Input records:
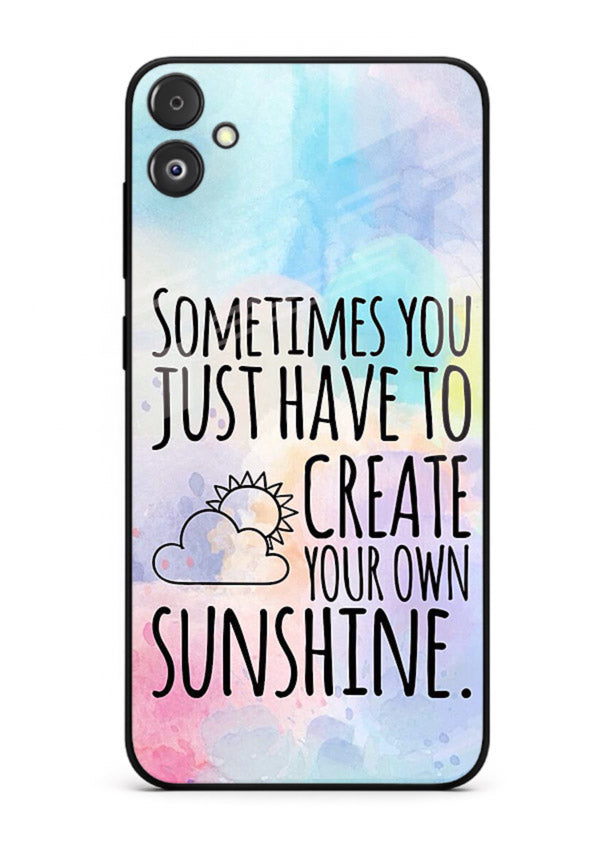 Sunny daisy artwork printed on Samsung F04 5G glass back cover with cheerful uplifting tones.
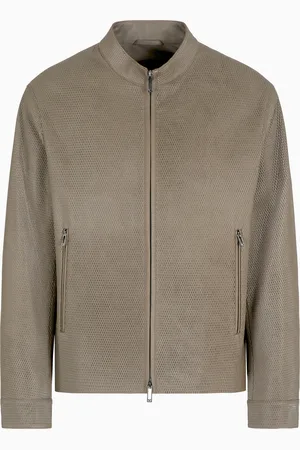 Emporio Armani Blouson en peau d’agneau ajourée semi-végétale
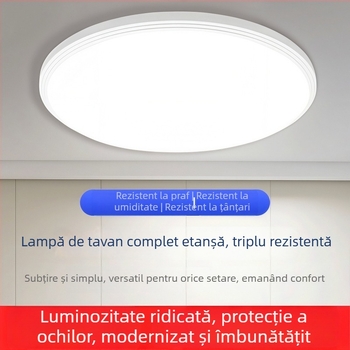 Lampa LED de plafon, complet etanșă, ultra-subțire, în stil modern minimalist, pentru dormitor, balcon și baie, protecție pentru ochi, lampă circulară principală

--

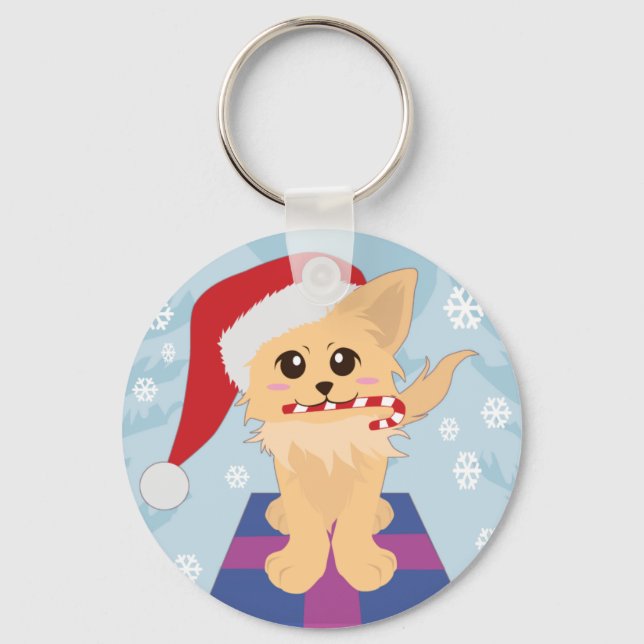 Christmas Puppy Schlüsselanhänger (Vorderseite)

---

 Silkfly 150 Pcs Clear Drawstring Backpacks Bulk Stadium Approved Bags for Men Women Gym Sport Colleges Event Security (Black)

Assigned task: Please copy the lines above exactly, starting at the line that holds "Sunny daisy artwork" and ending at the line that holds "Lampa LED de"; include both, but no pictures.

Task output:
 Sunny daisy artwork printed on Samsung F04 5G glass back cover with cheerful uplifting tones.
 Emporio Armani Blouson en peau d’agneau ajourée semi-végétale
 Lampa LED de plafon, complet etanșă, ultra-subțire, în stil modern minimalist, pentru dormitor, balcon și baie, protecție pentru ochi, lampă circulară principală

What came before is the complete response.